Textual data are available in rapidly growing volumes and can be processed with ever more elaborate methods. Integrated qualitative and quantitative analysis of these data bears great potential for many disciplines to address new research questions. However, there is a lack of linkage between new textual data and other widely used data in the social sciences like social media or survey data. We are developing a service that will enable this linkage by using unique identifiers at a person or institution level, for example. While doing so, it is important not to focus too narrowly on technical implementation but to consider the important role of user-friendliness when developing such tools.
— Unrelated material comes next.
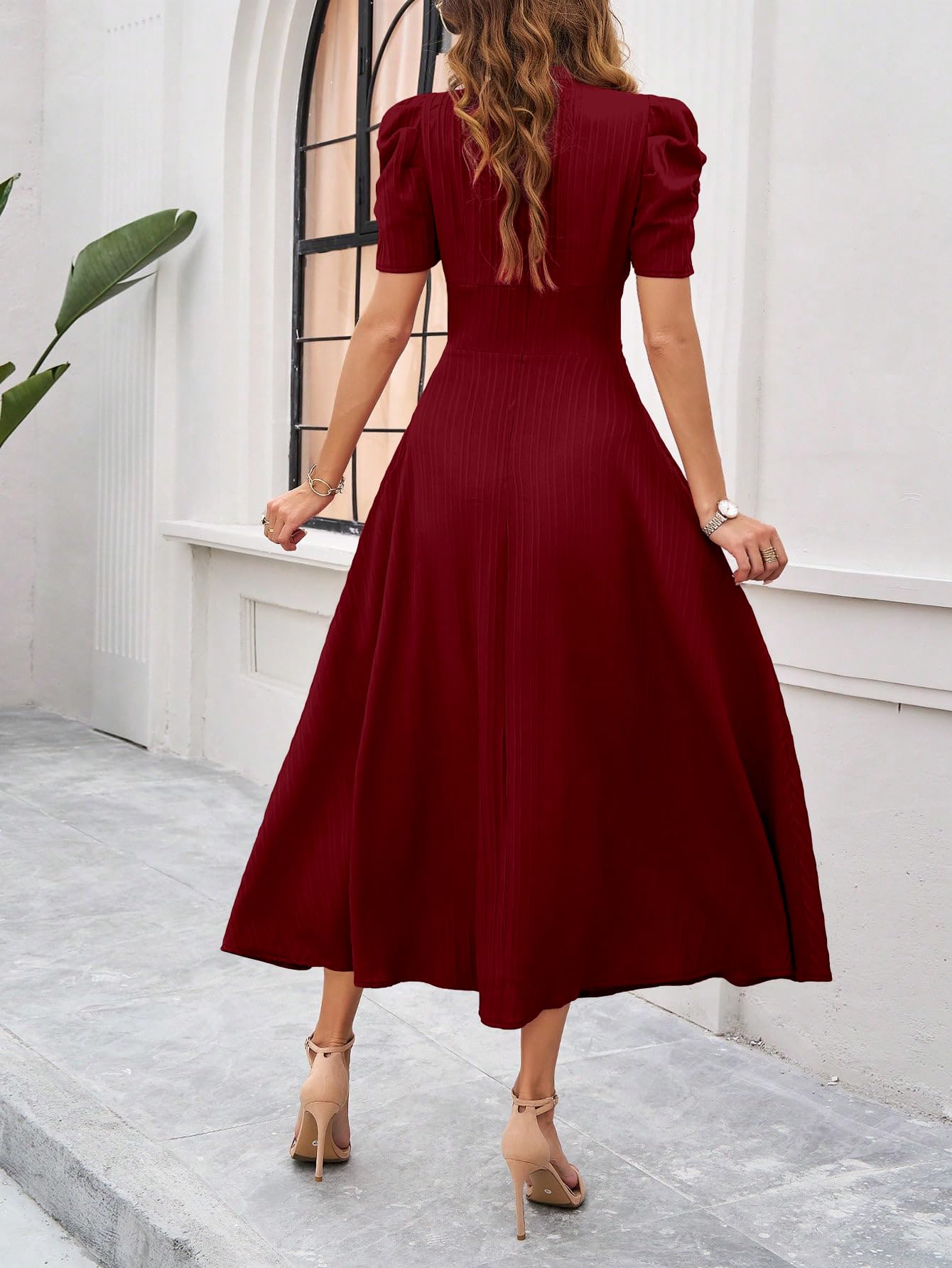 Shasmi Robe longue trapèze unie à col en V pour femme - Robe de soirée - Robe de fête du Nouvel An - Manches bouffantes - Taille ajustée - Style occidental élégant et décontracté (robe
By working on linking textual data with other types of data, this work package aims at better exploiting the potential of social science data, opening up new research paths, and to document and make available opportunities for linkage for later re-use. The service is able to build on the experience gathered in the PolMine project (https://polmine.github.io), which prepares textual data for social science research and develops workflows and tools for the preparation and analysis of such text data. They are then made available to the community. Within KonsortSWD, data and procedures will be systematically made available to the social, behavioural, educational, and economic sciences for secondary use.
Corpora with initial annotations for data linkage will be available by mid-2022. In addition to the data, generic tools implemented in R will be provided for linguistic annotation of large corpora (R package ‘bignlp’) and for assigning unique identifiers (R package linktools).